Lambrusco Dop e Igp, passo deciso della Regione: Viadana e Sabbioneta interessate
Il consiglio regionale della Lombardia ha approvato nelle scorse ora una risoluzione del Movimento 5 Stelle, con Giampiero Maccabiani come principale relatore, perché questo vino, il Lambrusco appunto, venga tutelato nell’etichettatura.
MILANO – Nelle ore in cui la Francia chiede l’etichettatura di provenienza sul latte, e Coldiretti Cremona col presidente Paolo Voltini auspica che anche l’Italia presto faccia lo stesso per tutelare la qualità nostrana, ecco che un’altra eccellenza delle nostre terre si guadagna una chance in più sul mercato.
Parliamo del Lambrusco, un vino che in verità non è essenzialmente cremonese, ma trova le proprie radici nel territorio a cavallo tra Lombardia ed Emilia Romagna e dunque in quella zona di confine come il comprensorio Oglio Po, oltre che naturalmente nella provincia virgiliana. Il Lambrusco Mantovano Dop, giusto per fare il nome di uno dei prodotti interessati dalla novità che a breve sveleremo, viene prodotto in un’area geograficamente non vicinissima al Casalasco – si pensi ai comuni di San Benedetto Po, Revere o Poggio Rusco – che però arriva a coinvolgere anche Viadana e Sabbioneta, che invece con Casalmaggiore e la zona a sud-est della nostra provincia sono decisamente legati da storia, tradizioni e cultura al di là dei meri confini politici.
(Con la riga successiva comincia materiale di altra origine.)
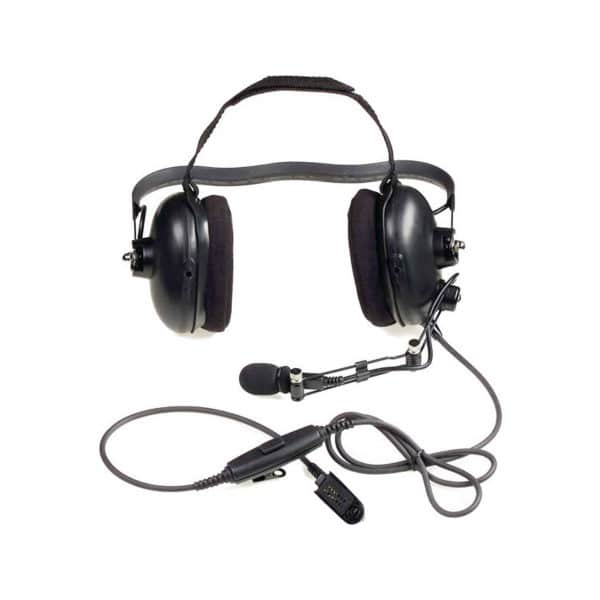 Motorola GP340 Series FM Approved Behind Head Headset With PTT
Ora, eccovi la novità della quale siamo in debito: il consiglio regionale della Lombardia ha approvato nelle scorse ora una risoluzione del Movimento 5 Stelle, con Giampiero Maccabiani come principale relatore, perché questo vino, il Lambrusco appunto, venga tutelato nell’etichettatura sia come vino a Denominazione di Origine Protetta che come vino a Indicazione Geografica Protetta. In soldoni, la giunta regionale deve essere attenta affinché il nome Lambrusco non venga più macchiato e utilizzato senza merito, per così dire, o in modo improprio da aziende che col vero lambrusco non hanno nulla a che vedere. 180 milioni di bottiglie e 570 milioni di euro stimati sul mercato, da tutelare anche nella via dell’export, che tocca il 63% della produzione.
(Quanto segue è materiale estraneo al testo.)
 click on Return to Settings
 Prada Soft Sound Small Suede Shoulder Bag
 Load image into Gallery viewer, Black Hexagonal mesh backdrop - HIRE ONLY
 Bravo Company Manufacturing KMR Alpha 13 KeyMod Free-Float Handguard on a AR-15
No alla liberalizzazione selvaggia del nome Lambrusco, insomma, e il dato da evidenziare è che la risoluzione regionale è passata all’unanimità: non un successo politico di un solo gruppo, dunque ma, pur riconoscendo il merito dei 5 Stelle, che hanno sollevato il problema, uno scudo compatto e senza bandiere e cappelli. Dall’Unione Europea, intanto, qualche sentore positivo è già arrivato: manca però il nero su bianco, ossia un accordo e un regolamento chiaro e soprattutto scritto. Per questo l’approvazione della risoluzione in Regione è un passo decisamente importante.